▶ _GOAL OF THE EXERCISE_: Write out the listing below character for character, though without its pictures.

▶ _DATA SECTION_:
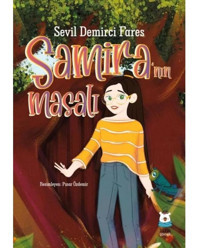 Samira'nın Masalı - Sevil Demirci Fares - Luna Yayınları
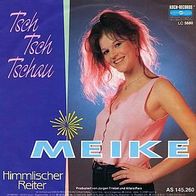 7"MEIKE · Tsch Tsch Tschau (RAR 1988)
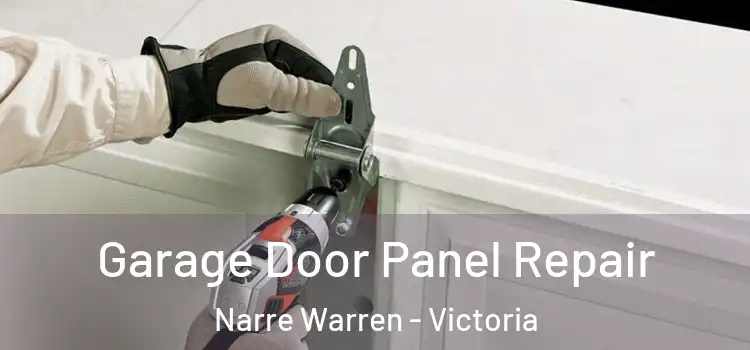 Garage Door Panel Repair Narre Warren - Victoria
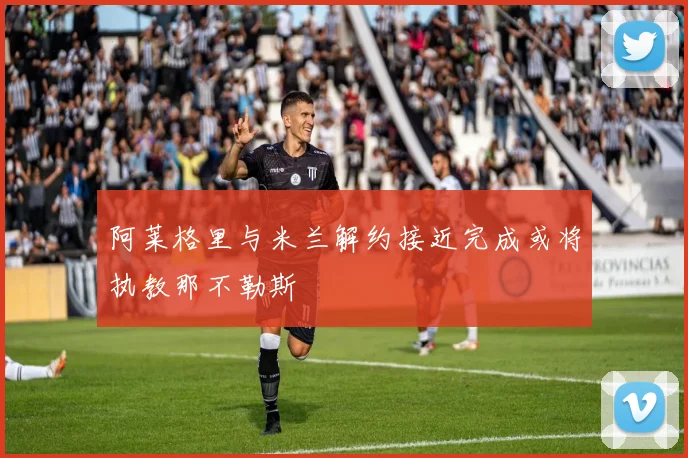 阿莱格里与米兰解约接近完成或将执教那不勒斯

▶ _EXPECTED ANSWER_:
 Samira'nın Masalı - Sevil Demirci Fares - Luna Yayınları
 7"MEIKE · Tsch Tsch Tschau (RAR 1988)
 Garage Door Panel Repair Narre Warren - Victoria
 阿莱格里与米兰解约接近完成或将执教那不勒斯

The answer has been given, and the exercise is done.